Optimal Resource Allocation Process

The Right Mix of Value and Performance

The heat shield also known as the thermal protection shield system (TPS) can make or break a successful NASA Space Mission. The key objective of this effort was to define the most cost-effective investment strategy related to improving the accuracy of the Orion heat shield reliability assessment process through design of a customized, user-friendly probabilistic-based real-time decision support executing tool that can be used to enable rapid, risk-informed decisions by non-engineering users, without the assistance of software specialists.

Project Overview

A heat shield is the unique sub-system of a space capsule that is designed to protect the rest of the space capsule, and its human or scientific payload, from the extreme and uncertain temperature and pressure loads encountered during the capsule’s entry into an atmosphere. For the National Aeronautics and Space Administration (NASA) Orion space capsule (Figure 1), the heat shield is designed to withstand temperatures of thousands of degrees, and pressures several times that of the normal atmosphere, during the entry of the capsule into the Earth’s atmosphere. Heat shields typically employ a variety of thermal mechanisms (e.g., conduction, convection radiation, ablation and melting) to accomplish this extremely important objective. The heat shield is usually the only sub-system of the space capsule for which no form of redundancy exists. Hence, even if everything else in the mission goes perfectly, the success of the entire mission ultimately depends entirely upon the success of the heat shield. This piece of equipment is so important, that it is routinely over-designed; in fact, the mission goals and objectives may be limited in order to accommodate this over design.

Figure 1.
The Orion space capsule.

Figure 2.
STS Columbia.

The NASA Space Transportation System (STS, i.e., “space shuttle”) Columbia (Figure 2) is the most obvious example of a heat shield failure. The vehicle was completely destroyed (February 1, 2003, Figure 3) during re-entry into Earth’s atmosphere because of unforeseen and undetected damage to the tile-based heat shield. The damage was caused by pieces of insulating foam shedding from the fuel tanks during the ascent phase of the mission from Earth two weeks earlier. The Columbia failure grounded all subsequent STS flights for about two and a half years while an in-depth investigation was conducted. The findings, observations and recommendations of the investigation resulted in significant cultural changes throughout the agency and expense increases and operational changes to provide a variety of heat shield inspections for the remaining 21 STS flights through 2011.

Figure 3.
STS Columbia’s fatal re-entry.

Figure 4.
Illustration of Arc Jet Testing.

The overall goals of the current project were to: 1) quantify the reliability of the Orion thermal protection system (TPS, i.e., “heat shield”) to withstand a wide variety of possible re-entry conditions and thermal loads, and 2) identify the key sensitivities of the predicted reliability to uncertainties and TPS design variables. Within these goals, the objective of this particular effort was to develop a real-time Bayesian-based decision support tool to provide actionable guidance for optimal resource allocation.

Problem Definition

Optimal resource allocation is a decision support process that enables decision makers to assess in real-time the costs and benefits of various courses of possible investment quickly and accurately in order to achieve the “best” outcome among competing choices. In this case, the objective was to define the most cost-effective investment strategy related to improving the accuracy of the Orion heat shield reliability assessment process (please see companion Case Studies related to the Orion Real-Time Decision Support Tool and the Orion TPS Reliability Assessment ). However, because of the large number of contributors to uncertainty, a consistent and repeatable methodology to aid in this decision process is required.
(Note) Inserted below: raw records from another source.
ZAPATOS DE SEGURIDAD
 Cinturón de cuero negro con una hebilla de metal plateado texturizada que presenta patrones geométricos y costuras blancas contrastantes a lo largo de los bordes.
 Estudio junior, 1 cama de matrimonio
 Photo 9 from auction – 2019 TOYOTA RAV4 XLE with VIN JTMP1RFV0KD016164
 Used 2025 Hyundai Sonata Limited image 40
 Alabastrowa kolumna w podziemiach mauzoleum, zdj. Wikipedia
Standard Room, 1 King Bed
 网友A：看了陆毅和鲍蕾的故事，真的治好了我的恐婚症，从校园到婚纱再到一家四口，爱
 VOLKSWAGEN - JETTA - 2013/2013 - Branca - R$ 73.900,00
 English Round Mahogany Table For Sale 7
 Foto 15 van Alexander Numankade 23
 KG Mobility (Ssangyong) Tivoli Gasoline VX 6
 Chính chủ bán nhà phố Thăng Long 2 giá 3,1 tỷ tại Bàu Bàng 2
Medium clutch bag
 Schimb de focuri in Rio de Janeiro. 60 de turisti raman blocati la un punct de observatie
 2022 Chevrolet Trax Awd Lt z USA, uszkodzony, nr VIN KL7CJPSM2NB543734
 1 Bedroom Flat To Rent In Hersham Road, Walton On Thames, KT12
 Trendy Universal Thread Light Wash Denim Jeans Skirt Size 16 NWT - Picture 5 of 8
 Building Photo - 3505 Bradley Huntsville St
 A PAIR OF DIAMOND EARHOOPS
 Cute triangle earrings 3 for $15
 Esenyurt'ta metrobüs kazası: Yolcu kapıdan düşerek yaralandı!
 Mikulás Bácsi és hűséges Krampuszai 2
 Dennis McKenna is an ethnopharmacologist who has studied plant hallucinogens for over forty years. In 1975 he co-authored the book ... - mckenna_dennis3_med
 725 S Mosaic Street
Subject Matter Experts (SMEs) identified 19 possible investment areas related to the reliability assessment process (see Figure 4). In order to assess the optimal investment strategy, it was necessary to construct cost-to-benefit models, and to quantify their associated uncertainties, for each of the possible investment areas. It is important that all the cost-to-benefit models all be compatible; that is, they must all show cost-to-benefit on the same type of scale. Also, the cost-to-benefit models must be calibrated to the number of units that can be purchased, noting any possible limitations or discounts in the way units can be acquired (e.g., “buy one get one free”, or “limit 10 units per customer”).

Figure 4.
Illustration of the Optimal Resource Allocation Process.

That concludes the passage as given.